-- Opening Marker --

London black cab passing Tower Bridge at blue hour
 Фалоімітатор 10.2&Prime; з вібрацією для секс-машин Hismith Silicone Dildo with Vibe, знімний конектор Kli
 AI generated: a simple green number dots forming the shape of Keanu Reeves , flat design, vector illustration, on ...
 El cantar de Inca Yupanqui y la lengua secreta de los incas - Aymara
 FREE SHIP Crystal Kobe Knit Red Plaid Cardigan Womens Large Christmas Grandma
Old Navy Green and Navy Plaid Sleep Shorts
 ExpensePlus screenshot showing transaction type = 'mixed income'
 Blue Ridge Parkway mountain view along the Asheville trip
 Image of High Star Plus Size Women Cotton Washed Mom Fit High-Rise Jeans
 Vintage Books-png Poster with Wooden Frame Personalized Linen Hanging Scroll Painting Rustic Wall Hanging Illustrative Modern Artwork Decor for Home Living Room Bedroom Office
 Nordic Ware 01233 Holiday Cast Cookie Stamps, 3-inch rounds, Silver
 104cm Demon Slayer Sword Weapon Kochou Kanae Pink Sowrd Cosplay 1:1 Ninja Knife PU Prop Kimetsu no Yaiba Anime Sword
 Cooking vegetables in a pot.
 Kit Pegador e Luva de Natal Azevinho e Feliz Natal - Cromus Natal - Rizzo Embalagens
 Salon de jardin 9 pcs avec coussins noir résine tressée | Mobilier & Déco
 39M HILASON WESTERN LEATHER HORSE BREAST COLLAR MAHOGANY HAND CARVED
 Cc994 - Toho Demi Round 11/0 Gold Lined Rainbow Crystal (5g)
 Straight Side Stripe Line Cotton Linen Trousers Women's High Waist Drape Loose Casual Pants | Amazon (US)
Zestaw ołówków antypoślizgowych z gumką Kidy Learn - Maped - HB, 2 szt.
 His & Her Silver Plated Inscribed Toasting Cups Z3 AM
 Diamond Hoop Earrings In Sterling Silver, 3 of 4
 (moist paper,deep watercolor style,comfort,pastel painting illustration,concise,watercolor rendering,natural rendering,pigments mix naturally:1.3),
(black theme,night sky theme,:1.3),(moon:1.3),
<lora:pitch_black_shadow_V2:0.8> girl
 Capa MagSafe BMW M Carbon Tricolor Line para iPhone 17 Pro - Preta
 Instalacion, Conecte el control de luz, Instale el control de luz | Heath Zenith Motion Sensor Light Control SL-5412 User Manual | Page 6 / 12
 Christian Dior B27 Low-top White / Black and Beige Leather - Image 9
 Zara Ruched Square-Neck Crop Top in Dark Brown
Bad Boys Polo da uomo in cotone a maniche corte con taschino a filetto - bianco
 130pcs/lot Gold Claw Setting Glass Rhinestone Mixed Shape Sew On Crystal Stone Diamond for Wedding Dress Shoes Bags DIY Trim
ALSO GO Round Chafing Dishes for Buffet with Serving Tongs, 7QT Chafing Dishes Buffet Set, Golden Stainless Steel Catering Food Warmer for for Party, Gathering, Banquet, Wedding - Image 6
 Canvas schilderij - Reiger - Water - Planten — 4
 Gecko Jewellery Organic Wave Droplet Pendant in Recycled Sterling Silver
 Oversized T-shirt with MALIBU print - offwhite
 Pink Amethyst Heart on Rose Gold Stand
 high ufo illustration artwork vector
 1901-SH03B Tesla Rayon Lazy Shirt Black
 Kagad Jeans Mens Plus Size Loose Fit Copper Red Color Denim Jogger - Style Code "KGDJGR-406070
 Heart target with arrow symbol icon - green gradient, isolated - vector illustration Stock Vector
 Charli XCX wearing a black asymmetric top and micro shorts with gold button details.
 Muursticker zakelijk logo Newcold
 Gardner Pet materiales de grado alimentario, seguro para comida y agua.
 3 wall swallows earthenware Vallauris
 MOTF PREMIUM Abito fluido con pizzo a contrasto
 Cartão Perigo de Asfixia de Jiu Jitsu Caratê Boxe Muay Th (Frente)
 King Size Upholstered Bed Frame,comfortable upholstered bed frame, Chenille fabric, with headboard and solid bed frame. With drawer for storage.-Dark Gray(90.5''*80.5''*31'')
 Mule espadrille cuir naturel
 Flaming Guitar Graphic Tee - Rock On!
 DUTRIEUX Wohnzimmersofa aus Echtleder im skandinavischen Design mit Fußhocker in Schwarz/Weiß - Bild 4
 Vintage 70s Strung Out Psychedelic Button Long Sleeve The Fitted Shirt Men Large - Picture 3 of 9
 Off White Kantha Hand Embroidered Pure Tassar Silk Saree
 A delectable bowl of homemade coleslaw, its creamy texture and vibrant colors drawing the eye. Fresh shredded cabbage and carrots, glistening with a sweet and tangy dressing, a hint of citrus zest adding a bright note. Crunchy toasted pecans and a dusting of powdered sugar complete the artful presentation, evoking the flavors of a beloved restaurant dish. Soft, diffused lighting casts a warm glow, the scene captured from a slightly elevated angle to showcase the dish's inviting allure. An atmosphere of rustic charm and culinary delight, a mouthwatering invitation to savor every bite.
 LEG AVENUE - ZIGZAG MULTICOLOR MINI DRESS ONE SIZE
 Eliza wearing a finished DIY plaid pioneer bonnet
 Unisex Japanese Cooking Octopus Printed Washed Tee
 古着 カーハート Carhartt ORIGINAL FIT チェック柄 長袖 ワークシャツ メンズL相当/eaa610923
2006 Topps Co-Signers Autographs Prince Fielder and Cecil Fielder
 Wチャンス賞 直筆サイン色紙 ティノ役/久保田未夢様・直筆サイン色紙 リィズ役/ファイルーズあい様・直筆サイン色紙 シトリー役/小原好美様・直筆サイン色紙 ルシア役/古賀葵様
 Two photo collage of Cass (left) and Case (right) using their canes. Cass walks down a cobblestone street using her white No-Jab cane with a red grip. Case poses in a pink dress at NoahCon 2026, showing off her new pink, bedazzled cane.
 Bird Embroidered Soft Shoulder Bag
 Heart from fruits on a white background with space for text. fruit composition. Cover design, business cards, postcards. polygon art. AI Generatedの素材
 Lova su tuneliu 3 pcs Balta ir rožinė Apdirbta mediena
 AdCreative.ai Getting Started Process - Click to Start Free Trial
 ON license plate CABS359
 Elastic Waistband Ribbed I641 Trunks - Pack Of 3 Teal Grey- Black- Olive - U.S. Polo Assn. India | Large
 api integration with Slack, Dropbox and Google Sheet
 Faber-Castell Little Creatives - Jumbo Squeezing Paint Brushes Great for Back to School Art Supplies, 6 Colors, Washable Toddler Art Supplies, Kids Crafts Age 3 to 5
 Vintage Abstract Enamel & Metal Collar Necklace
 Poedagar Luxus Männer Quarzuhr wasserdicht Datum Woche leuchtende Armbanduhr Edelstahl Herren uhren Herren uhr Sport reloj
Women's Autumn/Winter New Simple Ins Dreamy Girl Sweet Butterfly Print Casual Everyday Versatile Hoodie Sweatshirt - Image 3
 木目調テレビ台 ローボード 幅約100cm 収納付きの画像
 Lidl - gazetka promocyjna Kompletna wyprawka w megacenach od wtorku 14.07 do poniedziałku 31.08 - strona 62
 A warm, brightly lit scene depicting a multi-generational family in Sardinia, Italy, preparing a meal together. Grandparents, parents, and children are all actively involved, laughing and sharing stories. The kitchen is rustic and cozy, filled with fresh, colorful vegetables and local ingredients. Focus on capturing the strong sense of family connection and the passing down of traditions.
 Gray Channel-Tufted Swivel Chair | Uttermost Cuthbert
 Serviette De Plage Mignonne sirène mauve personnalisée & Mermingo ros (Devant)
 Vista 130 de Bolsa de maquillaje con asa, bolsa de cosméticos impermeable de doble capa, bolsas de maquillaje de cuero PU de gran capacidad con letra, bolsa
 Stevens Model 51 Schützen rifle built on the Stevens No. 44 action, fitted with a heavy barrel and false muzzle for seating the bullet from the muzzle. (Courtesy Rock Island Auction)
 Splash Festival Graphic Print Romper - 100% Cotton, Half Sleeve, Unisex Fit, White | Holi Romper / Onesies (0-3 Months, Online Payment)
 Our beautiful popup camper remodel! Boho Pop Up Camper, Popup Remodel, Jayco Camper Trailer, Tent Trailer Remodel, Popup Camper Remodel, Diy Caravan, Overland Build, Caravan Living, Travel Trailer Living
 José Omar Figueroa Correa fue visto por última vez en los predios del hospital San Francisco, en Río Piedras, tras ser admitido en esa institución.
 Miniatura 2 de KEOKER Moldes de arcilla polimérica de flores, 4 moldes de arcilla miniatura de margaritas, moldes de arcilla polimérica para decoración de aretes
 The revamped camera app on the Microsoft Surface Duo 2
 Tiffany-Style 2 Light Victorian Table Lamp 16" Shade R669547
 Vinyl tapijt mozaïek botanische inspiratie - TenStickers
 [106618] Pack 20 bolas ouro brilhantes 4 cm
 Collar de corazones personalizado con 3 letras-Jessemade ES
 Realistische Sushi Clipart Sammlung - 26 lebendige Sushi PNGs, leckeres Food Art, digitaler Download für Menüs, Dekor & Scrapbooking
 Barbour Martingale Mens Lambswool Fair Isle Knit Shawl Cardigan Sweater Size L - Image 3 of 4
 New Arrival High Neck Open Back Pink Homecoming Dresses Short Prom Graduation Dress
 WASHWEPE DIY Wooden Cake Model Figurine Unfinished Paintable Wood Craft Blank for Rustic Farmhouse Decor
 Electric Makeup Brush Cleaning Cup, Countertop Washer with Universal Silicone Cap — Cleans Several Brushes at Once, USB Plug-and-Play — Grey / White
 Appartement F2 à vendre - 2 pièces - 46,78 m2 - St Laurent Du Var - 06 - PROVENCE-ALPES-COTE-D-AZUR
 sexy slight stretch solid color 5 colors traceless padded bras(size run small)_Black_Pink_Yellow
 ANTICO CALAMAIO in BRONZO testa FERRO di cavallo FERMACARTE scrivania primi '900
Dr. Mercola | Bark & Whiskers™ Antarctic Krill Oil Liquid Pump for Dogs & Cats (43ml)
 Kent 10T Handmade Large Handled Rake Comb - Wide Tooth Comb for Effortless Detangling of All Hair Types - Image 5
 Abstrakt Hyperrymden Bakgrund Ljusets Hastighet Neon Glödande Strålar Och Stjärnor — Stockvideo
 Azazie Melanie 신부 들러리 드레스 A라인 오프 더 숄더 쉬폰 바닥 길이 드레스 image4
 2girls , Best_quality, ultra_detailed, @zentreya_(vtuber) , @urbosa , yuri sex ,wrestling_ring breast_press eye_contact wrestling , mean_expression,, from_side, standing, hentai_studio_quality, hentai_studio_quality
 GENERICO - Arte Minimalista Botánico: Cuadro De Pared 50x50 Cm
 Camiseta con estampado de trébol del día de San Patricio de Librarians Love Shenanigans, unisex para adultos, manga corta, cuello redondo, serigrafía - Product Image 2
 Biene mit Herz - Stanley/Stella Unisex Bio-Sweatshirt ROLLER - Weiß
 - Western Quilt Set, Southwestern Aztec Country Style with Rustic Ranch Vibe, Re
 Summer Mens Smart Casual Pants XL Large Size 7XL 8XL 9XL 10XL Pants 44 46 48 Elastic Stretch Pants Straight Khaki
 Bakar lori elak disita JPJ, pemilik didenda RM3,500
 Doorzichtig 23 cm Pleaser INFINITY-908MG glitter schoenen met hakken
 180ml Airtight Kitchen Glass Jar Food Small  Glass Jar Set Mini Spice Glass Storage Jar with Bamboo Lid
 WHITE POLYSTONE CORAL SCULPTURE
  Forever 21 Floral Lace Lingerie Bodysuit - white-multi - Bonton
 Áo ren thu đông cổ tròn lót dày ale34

-- Closing Marker --

== WHAT YOU NEED TO DO ==
Write out the lines of the entries, word for word, from the first through the one containing "39M HILASON WESTERN", and stop at that line.

== SOLUTION TO THE PROBLEM ==
London black cab passing Tower Bridge at blue hour
 Фалоімітатор 10.2&Prime; з вібрацією для секс-машин Hismith Silicone Dildo with Vibe, знімний конектор Kli
 AI generated: a simple green number dots forming the shape of Keanu Reeves , flat design, vector illustration, on ...
 El cantar de Inca Yupanqui y la lengua secreta de los incas - Aymara
 FREE SHIP Crystal Kobe Knit Red Plaid Cardigan Womens Large Christmas Grandma
Old Navy Green and Navy Plaid Sleep Shorts
 ExpensePlus screenshot showing transaction type = 'mixed income'
 Blue Ridge Parkway mountain view along the Asheville trip
 Image of High Star Plus Size Women Cotton Washed Mom Fit High-Rise Jeans
 Vintage Books-png Poster with Wooden Frame Personalized Linen Hanging Scroll Painting Rustic Wall Hanging Illustrative Modern Artwork Decor for Home Living Room Bedroom Office
 Nordic Ware 01233 Holiday Cast Cookie Stamps, 3-inch rounds, Silver
 104cm Demon Slayer Sword Weapon Kochou Kanae Pink Sowrd Cosplay 1:1 Ninja Knife PU Prop Kimetsu no Yaiba Anime Sword
 Cooking vegetables in a pot.
 Kit Pegador e Luva de Natal Azevinho e Feliz Natal - Cromus Natal - Rizzo Embalagens
 Salon de jardin 9 pcs avec coussins noir résine tressée | Mobilier & Déco
 39M HILASON WESTERN LEATHER HORSE BREAST COLLAR MAHOGANY HAND CARVED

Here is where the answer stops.